Dr Peter says up to now progress on this front has been stifled by the lack of high throughput technologies to investigate genetic variation in a large enough sample of patients. The  development of Genome-Wide Association Studies (GWAS), however, allows researchers to investigate large numbers of common variants spanning the entire genome in allergic- and non-allergic patients.This revolutionised scientists’ understanding of the genes responsible for a range of allergic diseases, including those for allergic rhinitis, asthma and atopic dermatitis.

“In the future, we can expect scientists to continue to use GWAS to identify novel genes for allergic diseases, while integrating analyses of rare variants via epigenetic mechanisms (cell division) and expression quantitative trait loci (eQTL).  eQTL is a method used to explain a fraction of the genetic variance of a gene expression phenotype, which will help scientists gain a better understanding of why allergies develop in the first place and how they could be prevented or treated.”

In South Africa alone, an estimated 30% of the population suffer from allergic rhinitis (inflammation in the nose, which occurs when the immune system overreacts to allergens in the air), while 40% suffers from asthma.

On another front, the effect of climate change on pollen allergy and respiratory allergic diseases was also at the forefront of the debate. Although scientists are sketchy on exactly how climate change will impact respiratory allergies, they say the extreme weather events of the past decade have resulted in massive changes in our climate to which biologic systems on all continents are reacting – something thatdoctors and allergy-sufferers should keep a close eye on.

Dr Peter cites an international study that was done on the management of allergic rhinitis, which involved both doctors and patients, where 51% of patients blamed pollution for their worsening symptoms, while 80% incriminated climate change.

“There is some evidence of significantly stronger allergenicity in pollen from trees growing at increased temperatures and that climate change may affect air pollutant levels such as tropospheric ozone (O3), but a lot more research is needed before firm conclusions can be made.”

Another recent survey conducted among 1 184 doctors who belong to the American Academy of Allergy Asthma and Immunology (AAAAI) confirmed that most doctors are witnessing medical problems caused by climate change among their patients.

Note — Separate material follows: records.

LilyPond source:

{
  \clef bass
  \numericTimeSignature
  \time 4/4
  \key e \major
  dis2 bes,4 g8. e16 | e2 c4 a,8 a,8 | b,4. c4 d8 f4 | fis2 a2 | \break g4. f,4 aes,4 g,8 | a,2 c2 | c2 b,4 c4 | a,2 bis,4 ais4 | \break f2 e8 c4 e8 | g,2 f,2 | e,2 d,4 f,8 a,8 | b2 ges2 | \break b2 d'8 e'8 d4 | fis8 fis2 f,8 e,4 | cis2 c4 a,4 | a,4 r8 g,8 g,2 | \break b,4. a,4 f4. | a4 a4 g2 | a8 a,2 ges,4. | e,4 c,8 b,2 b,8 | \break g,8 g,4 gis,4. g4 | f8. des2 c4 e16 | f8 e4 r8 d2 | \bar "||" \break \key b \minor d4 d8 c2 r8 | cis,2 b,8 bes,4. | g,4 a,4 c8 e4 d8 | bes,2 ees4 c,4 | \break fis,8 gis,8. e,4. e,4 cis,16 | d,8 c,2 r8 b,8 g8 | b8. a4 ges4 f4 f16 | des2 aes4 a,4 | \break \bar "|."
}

Nearly two-thirds reported a need for increased care for allergic sensitisation and symptoms following exposure to plants or mould.

Possible effects of climate change on respiratory allergy could be as follows:

  • An increase in rain and heavy downpours, such as thunderstorms could lead to asthma epidemics.
  • Global warming could increase the length and intensity of the pollen season causing prolonged respiratory allergy symptoms.
  • On the flipside, a reduction in colder days could potentially lower a patient’s risk to upper respiratory infections.
  • Changes in atmospheric circulation patterns may increase the occurrence of long distance transport of pollen and pollutants.
  • Increased air pollution and risk of wildfire smoke (CO2) could lead to a worsening of respiratory allergies.

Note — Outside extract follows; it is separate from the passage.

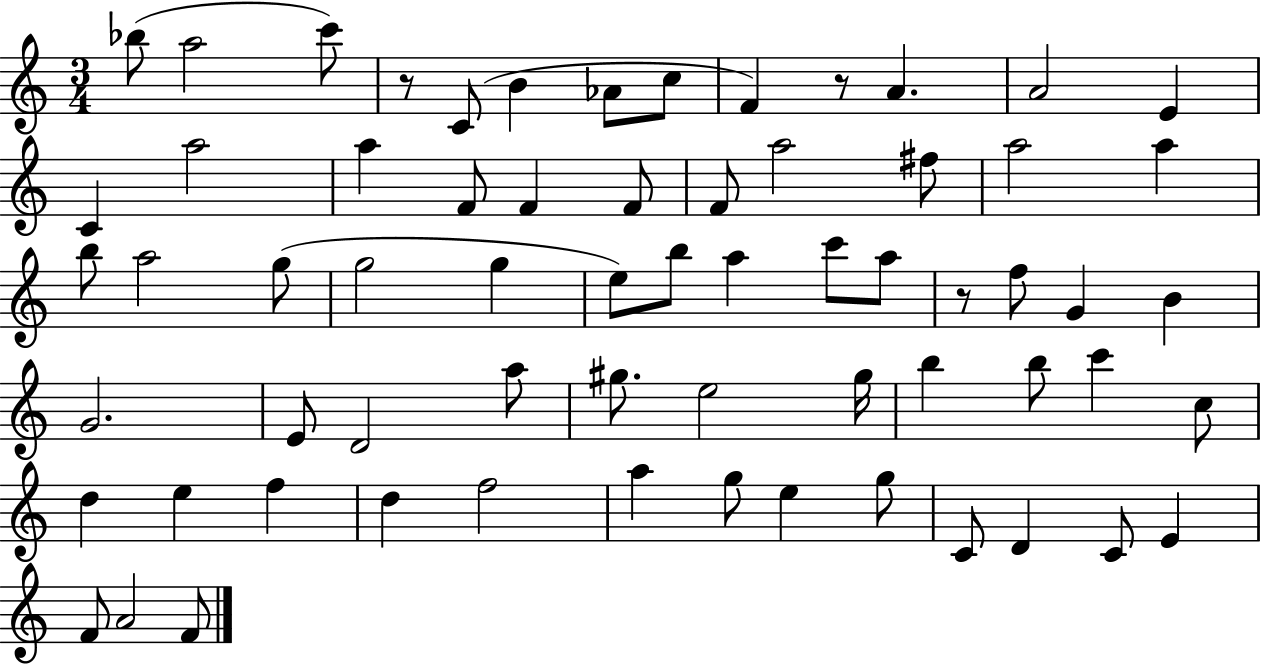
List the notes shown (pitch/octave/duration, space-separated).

“The rate at which allergic diseases and asthma are increasing worldwide, is alarming. The World Allergy Organisation (WAO) reports that worldwide sensitisation to allergies in the environment is present in up to 40% of the population. These disorders significantly impair a patient’s quality of life. Apart from chronic sneezing, nasal stuffiness and a post-nasal drip making them more susceptible to colds and flu, sufferers also complain of fatigue, memory loss, weakened physical and social functional and depression, hence the intense focus on developing safe and effective therapies for the future.”

“World Allergy Week not only allows us to raise local awareness of allergic diseases, but to also share new insights into preventing and managing allergic conditions. For now, there is no silver bullet that can treat each and every symptom, but antihistamines, decongestants and other treatments should offer relief. Thankfully international research shows a promising future for treating and possibly even preventing (certain) allergies all-together,” says Dr Peters.